October 14, 2014 / 11:40 AM / 4 years ago

TSX at eight-month low, hits ‘correction territory’

TORONTO (Reuters) - Canada’s main stock index hit an eight-month low on Tuesday, dropping more than 11 percent from last month’s record high as plunging international oil prices took domestic energy producers down with them.

A man walks past an old Toronto Stock Exchange (TSX) sign in Toronto, June 23, 2014. REUTERS/Mark Blinch

Crude shed almost $4 a barrel as mounting evidence of slackening demand and unrelenting U.S. shale output left traders struggling to find a floor for oil’s four-month rout.

The resource-focused TSX index suffered a third straight session of 1 percent-plus losses.

“It certainly seems like it’s nothing short of a bloodbath, especially in the energy patch,” said Elvis Picardo, a strategist at Global Securities in Vancouver.

Pipeline operator TransCanada Corp (TRP.TO) slumped 5.6 percent to C$50.53 ($44.76), Canadian Natural Resources Ltd (CNQ.TO) lost 5 percent to C$36.56 and Enbridge Inc (ENB.TO) gave up 3.3 percent to close at C$48.63.

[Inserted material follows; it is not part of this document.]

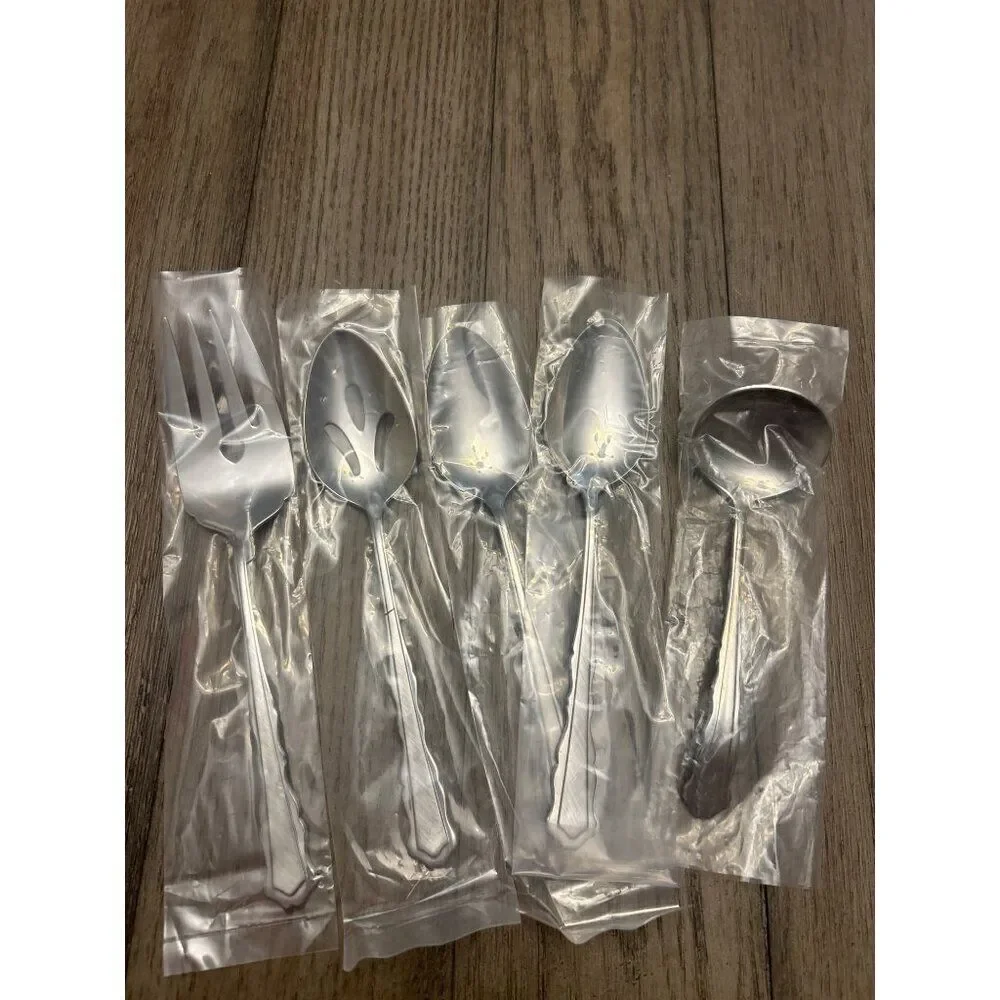 Sears Hostess Set Carma 5-Piece Stainless Steel Serving Utensils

“The sentiment has collapsed,” Picardo said. “When you see a decline of this magnitude, it sometimes smacks of panic selling, and that’s exactly what’s happening right now.”

The International Energy Agency cut its forecast for oil demand, and U.S. forecasts projected another big bump in shale production.

The Toronto Stock Exchange’s S&P/TSX composite index .GSPTSE ended the day down 190.68 points, or 1.34 percent, at 14,036.68. Nine of the 10 main sectors closed in the red.

The energy sector - a major index contributor - tumbled 3.7 percent and is down about 26 percent since mid-June.

“With today’s decline, we are now officially in correction territory,” said Craig Fehr, Canadian market strategist at Edward Jones in St. Louis, Missouri.

“We’re seeing a weakness, a return to volatility, something North American markets haven’t seen in a while. (These pullbacks) will be more of the norm than the exception going forward.”

Fehr expects the Canadian market to be pressured by volatile commodity prices.

“It’s a reflection that, on a global scale, economic growth hasn’t hit its stride,” he added.

Financials, the index’s most heavily weighted sector, declined 1.1 percent.

Royal Bank of Canada (RY.TO) was down 1.1 percent at C$78.79 and Toronto-Dominion Bank (TD.TO) fell 1.2 percent to C$52.58.